Problem requirements:
Could you output each line below exactly as it appears, excluding any pictures?

Records from a dataset:
* * *
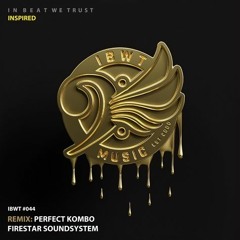 Inspired - In Beat We Trust (Firestar Soundsystem Remix)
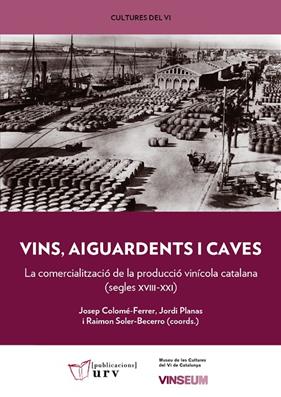 VINS, AIGUARDENTS I CAVES | 9788413650135 | COLOMÉ-FERRER, JOSEP ; PLANAS, JORDI ; SOLER-BECERRO, RAIMON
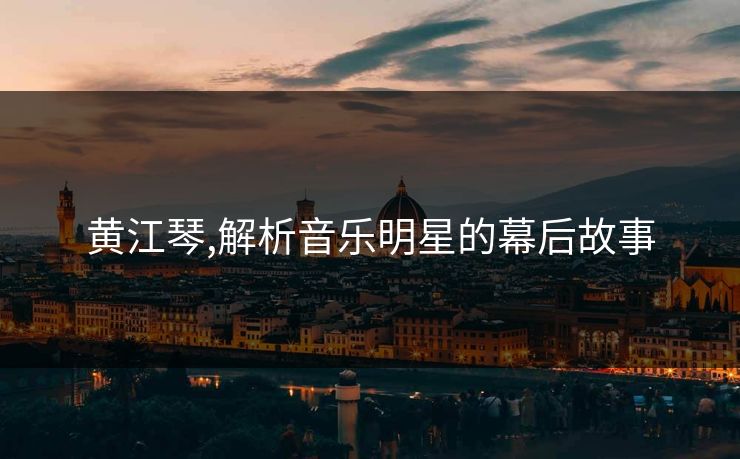 黄江琴,解析音乐明星的幕后故事 黄江琴,解析音乐明星的幕后故事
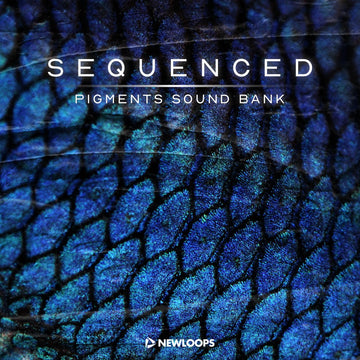 Sequenced - Pigments Sound Bank - New Loops Artwork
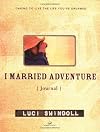 I Married Adventure Journal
* * *
Result:
 Inspired - In Beat We Trust (Firestar Soundsystem Remix)
 VINS, AIGUARDENTS I CAVES | 9788413650135 | COLOMÉ-FERRER, JOSEP ; PLANAS, JORDI ; SOLER-BECERRO, RAIMON
 黄江琴,解析音乐明星的幕后故事 黄江琴,解析音乐明星的幕后故事
 Sequenced - Pigments Sound Bank - New Loops Artwork
 I Married Adventure Journal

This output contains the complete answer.